### Instructions for the task
Everything in the data must be repeated exactly, apart from the pictures, which are left out.
:: The data ::
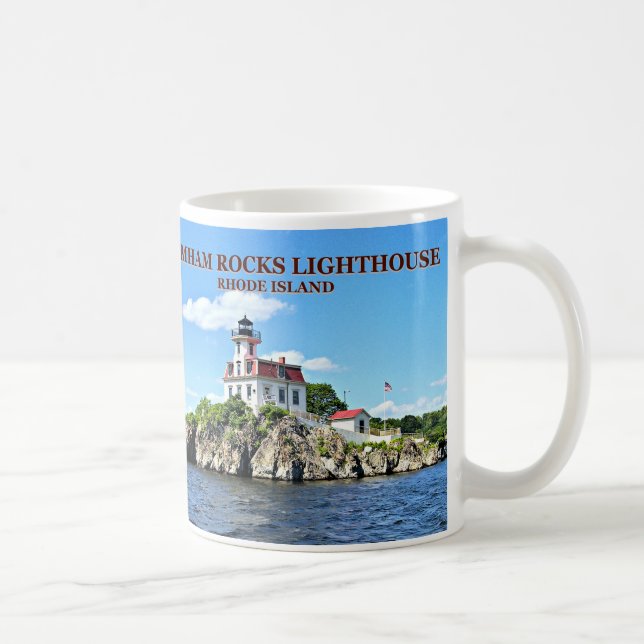 Taza De Café Faro de Pomham Rocks, Mug de Rhode Island (Derecha)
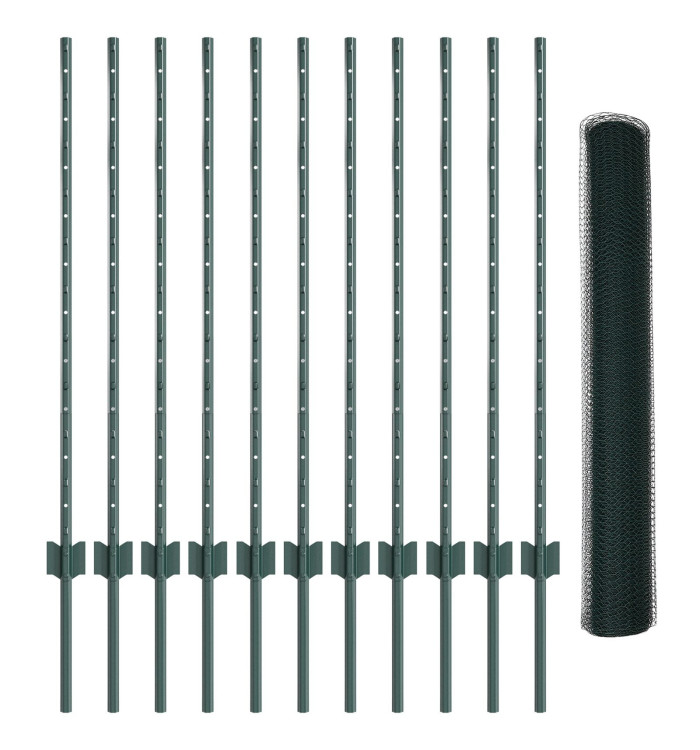Kit de clôture de jardin Ensemble de 2 Vert Acier Standard | Mobilier & Déco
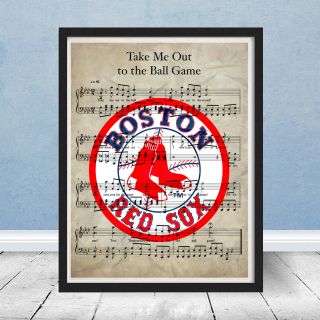 Boston Red Sox Take Me Out The Ball Game Sheet Music Gift Art Gift World Series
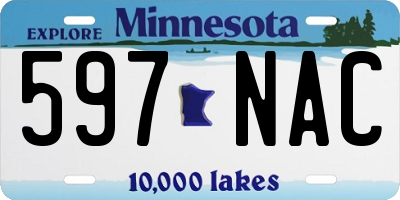 MN license plate 597NAC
:::
### Task solution
 Taza De Café Faro de Pomham Rocks, Mug de Rhode Island (Derecha)
Kit de clôture de jardin Ensemble de 2 Vert Acier Standard | Mobilier & Déco
 Boston Red Sox Take Me Out The Ball Game Sheet Music Gift Art Gift World Series
 MN license plate 597NAC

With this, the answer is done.